# How to dress for MFF?



## Gushousekai195 (Dec 10, 2019)

So, I am a guy who decided he wants to attend Midwest Furfest next year.  However, chances are I will likely have to go outside to get to and from the con every day (thanks a lot room lottery).  That could be a problem given the usual weather around con time, because I will have to dress accordingly.

Having to change in and out of thick clothing every time as well as carrying it around on my back constantly will likely be a hassle.  It might also take up a lot of space in even the biggest backpack I have.  My back also sweats when I carry it on my back.

So, I ask those of you who have gone before, how could someone like me dress for MFF, given having to walk outside to get to and from the con?


----------



## Ra'ara Su'nai (Dec 10, 2019)

I'm assuming you're not fursuiting in the context of this question. I found it to be pretty decent this time around. It was on the chilly side yes, but in my opinion at least, it didn't mandate a heavy coat of any sort. I was able to make do with a light hoodie that can't even zip up anymore(zipper broke off it) or just a long sleeve shirt. Take a heavy jacket just in case there's super cold in the forecast, but hope that the weather is more like it was this year.

Also, a handy trick that I learned that can help with the back sweat is to have a platypus water pack that you wear on your back. The cool water will help to keep you from sweating, and if you add ice in, it can help keep you cool if you're fursuiting, as well as providing plenty of water to stay hydrated, which we all know is very important, suiting or not.


----------



## Gushousekai195 (Dec 11, 2019)

Ra'ara Su'nai said:


> I'm assuming you're not fursuiting in the context of this question. I found it to be pretty decent this time around. It was on the chilly side yes, but in my opinion at least, it didn't mandate a heavy coat of any sort. I was able to make do with a light hoodie that can't even zip up anymore(zipper broke off it) or just a long sleeve shirt. Take a heavy jacket just in case there's super cold in the forecast, but hope that the weather is more like it was this year.
> 
> Also, a handy trick that I learned that can help with the back sweat is to have a platypus water pack that you wear on your back. The cool water will help to keep you from sweating, and if you add ice in, it can help keep you cool if you're fursuiting, as well as providing plenty of water to stay hydrated, which we all know is very important, suiting or not.

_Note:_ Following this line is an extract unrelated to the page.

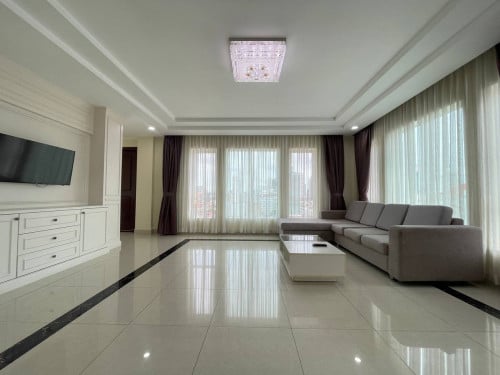 Spacious Penthouse for Rent in Beoung Trobeak
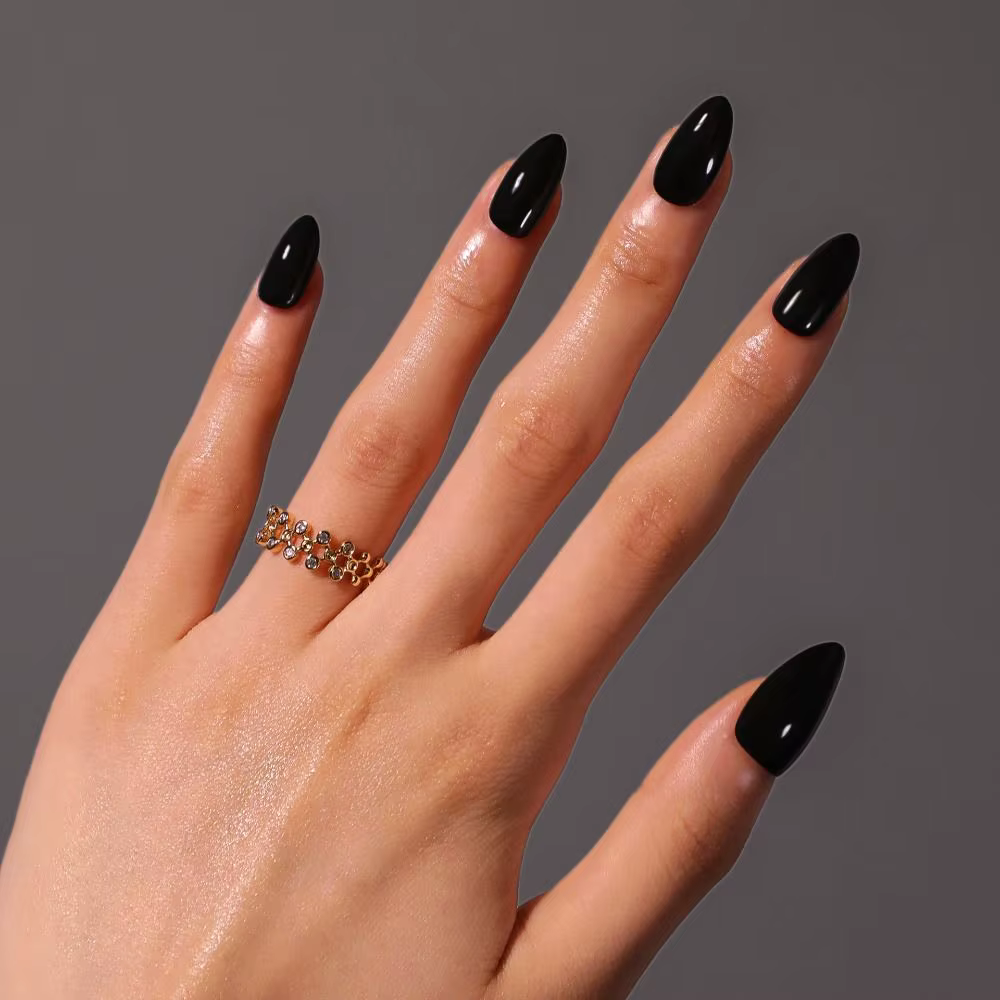 Faux ongles longs en amande pour manucure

Hope is nice but it's not a guarantee.

Going to get something to eat will be another thing if it is colder than this year, especially if it is below freezing even during the day.  I was told there was "a shit ton of resteraunts including McDonald’s and a full blown food court within the sky bridge network" but I am not seeing them on Google Maps....  =/


----------



## Gushousekai195 (Dec 12, 2019)

bump


----------



## Ra'ara Su'nai (Dec 14, 2019)

I can’t really say on the topic of restaurants. My roomie and I got a huge deep dish pizza first night and it fed us the whole time we were there.


----------



## Keefur (Dec 14, 2019)

What I recommend is that you take the extra clothing in case you need it and try to find someone staying at the hotel where you can "stash" you stuff while you are there.  I've never been to MFF, but have been to over 80 cons.  It's a pretty standard practice if you aren't staying at the hotel and need a place to put your fursuit or anything.


----------



## Sebine (Dec 16, 2019)

I went to MFF this year and it was pretty good. And assuming that they are having it in the same location next year then you may be in some luck. The main parking garage is connected to the convention center via sky bridge. The same goes to the Hyatt next to it. So you don't really need to be outside much to navigate the center. I actually often found myself more on the warm side while I was there. And I wore t-shirt, shorts, and kigu. And even then I would escape outside just to cool off a bit at times. I hope this helps ^-^


----------



## Revan_Wolf (Dec 20, 2019)

MFF was sooo epic this year, ironically it was NOT really cold at all, so it really depends year by year, this year we were lucky, no snow meant no wet fur but not always so lucky...


----------



## Leeze (Dec 27, 2019)

I am by no means an expert on conventions, MFF 2019 was actually my first convention ever, however I do have a couple of tips from my experience this year. First, if you are placed in the Loews Chicago O’Hare, be prepared for a little bit of an outdoor walk. It isn’t a particularly long walk (~10 minutes or so depending on the crosswalks) but I didn’t have a fursuit to worry about. There is a shuttle from the hotel to the convention center, however it wasn’t ever on time in my experience, so I just hoofed it. As far as clothing is concerned, I would definitely agree with Keefur and bring the extra clothing, the weather was pretty nice this year but who knows about next year. As others have mentioned the sky bridges connect most hotels participating in the room lottery, so you might not have to go outside unless you want to (assuming the room lottery gods smile upon you). As far as what to wear, I would definitely brink some type of windbreaker, since the wind was pretty strong for most of the con. The only other advice I might have is the line for registration was insane the first day, so if you have the extra cash to spring for a sponsor level and you hate waiting in lines, that is something you could consider. I hope you have an amazing time, and if you need any info, feel free to ask anytime!


----------